■ **Task description**:
Every line from the one with "Casa de Condomínio" through the end of the entries below should be written out exactly; the pictures should not.

■ **Data for analysis**:
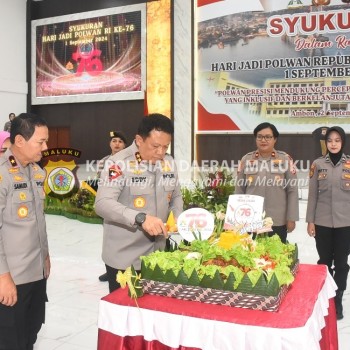 Syukuran HUT ke-76 Polwan, Kapolda: Terus Berbuat Baik Agar Polwan Polda Maluku Tetap Dicintai Masyarakat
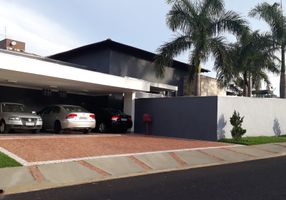 Casa de Condomínio com 4 Quartos à venda, 390m²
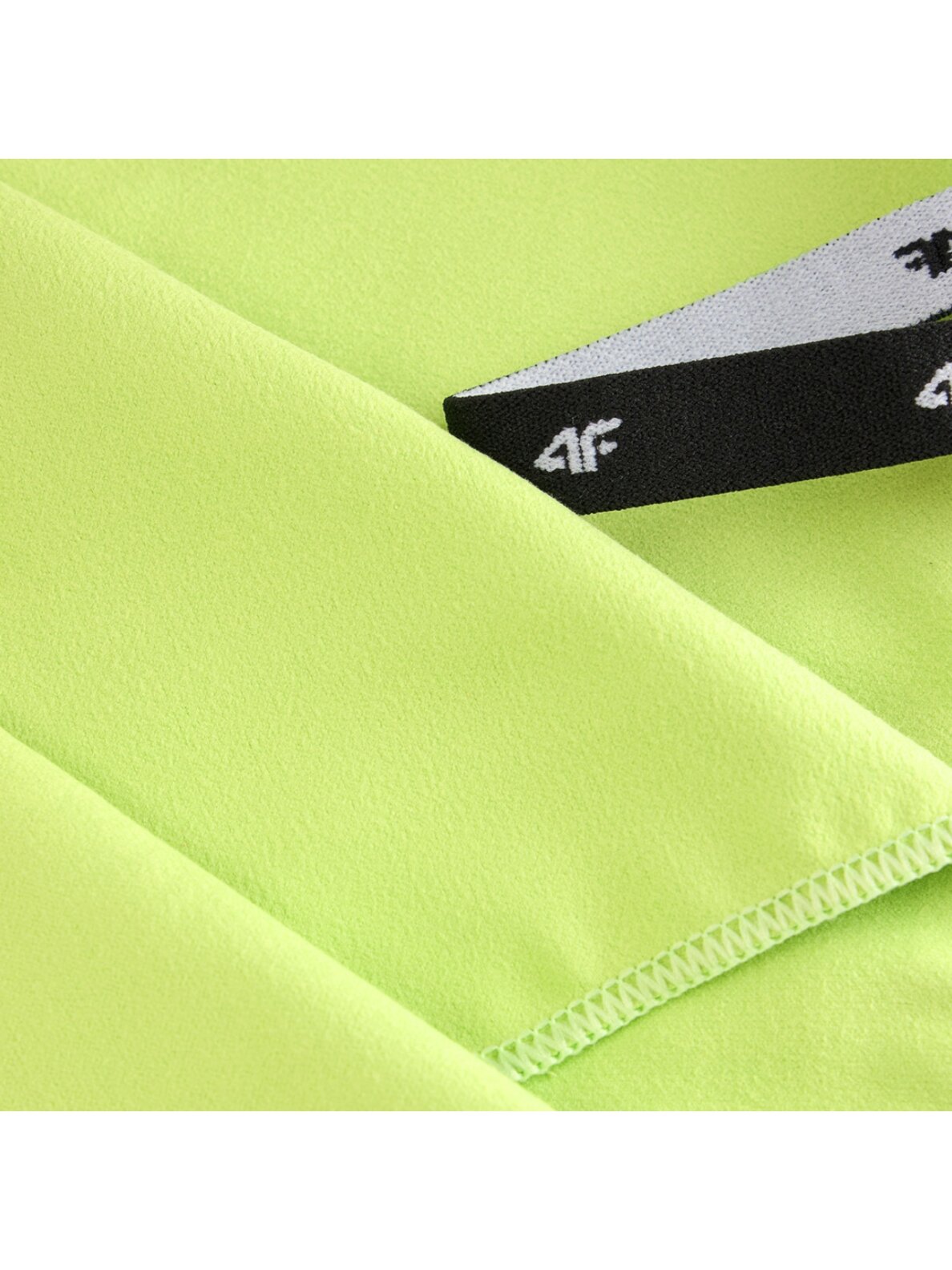 Rankšluostis 4F U075 80x130 cm sultinga žalia 4FWSS26ATOWU075 45S 1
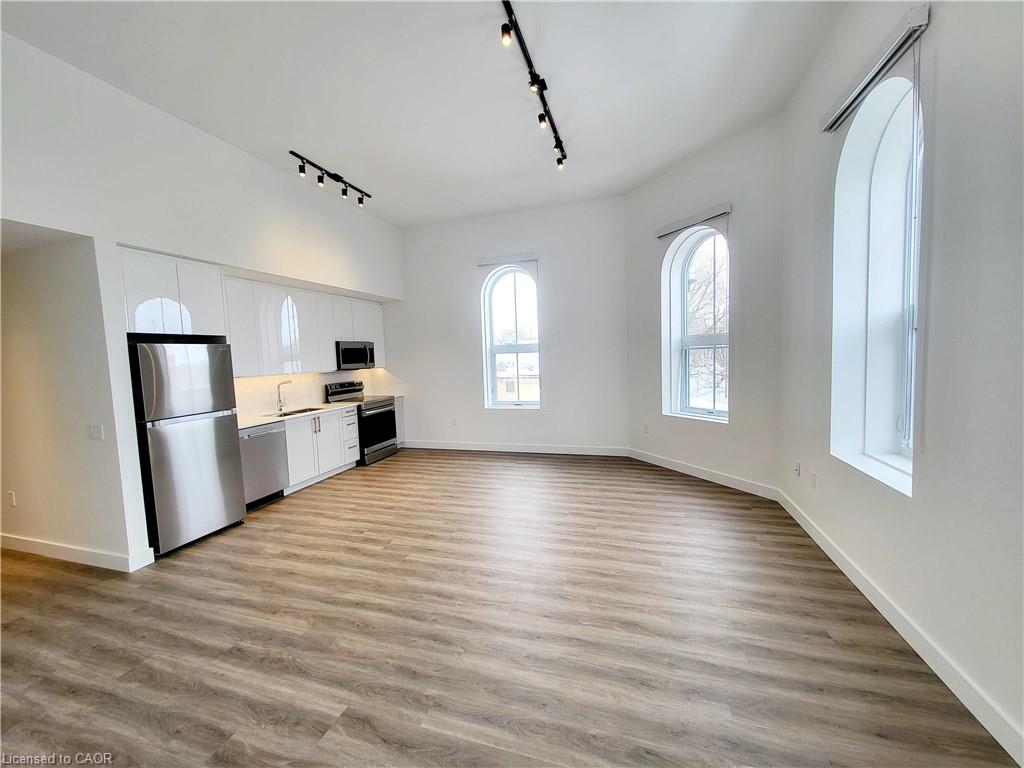 75 Huron Street Property Photo 2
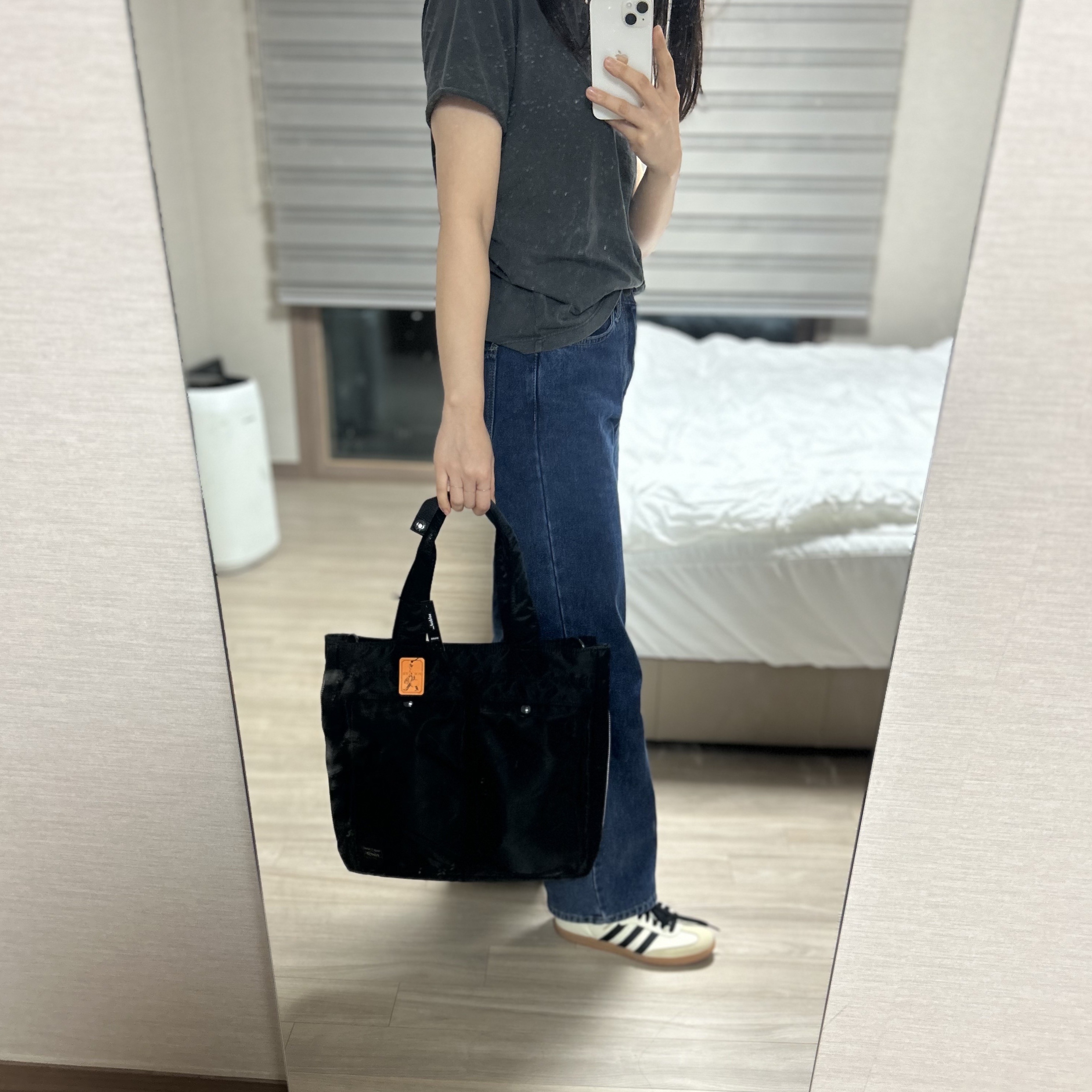 Porter Tanker 2Way Tote Bag Black 착용 스타일 - 2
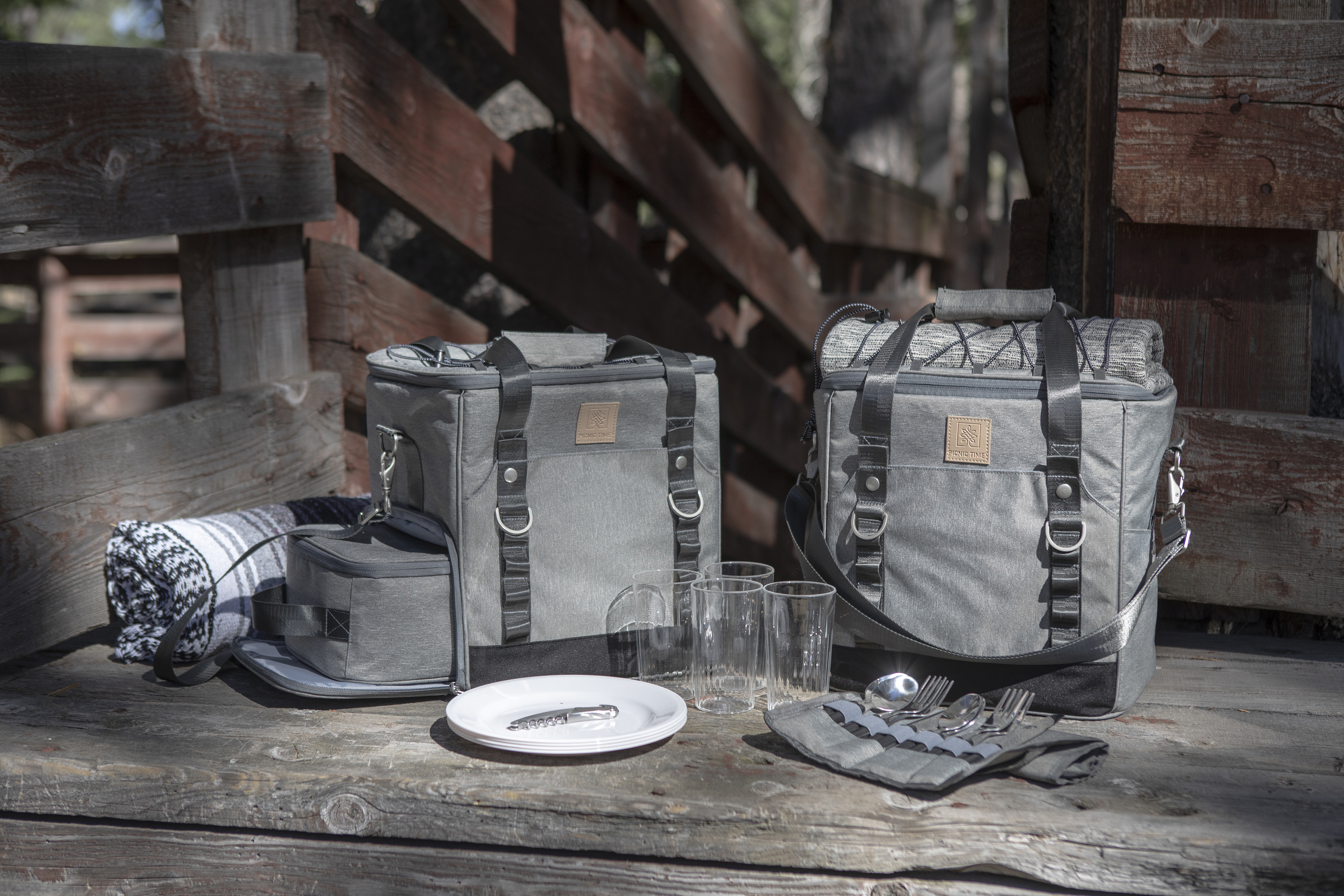 PT-Frontier Picnic Utility Cooler 2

■ **Exercise solution**:
 Casa de Condomínio com 4 Quartos à venda, 390m²
 Rankšluostis 4F U075 80x130 cm sultinga žalia 4FWSS26ATOWU075 45S 1
 75 Huron Street Property Photo 2
 Porter Tanker 2Way Tote Bag Black 착용 스타일 - 2
 PT-Frontier Picnic Utility Cooler 2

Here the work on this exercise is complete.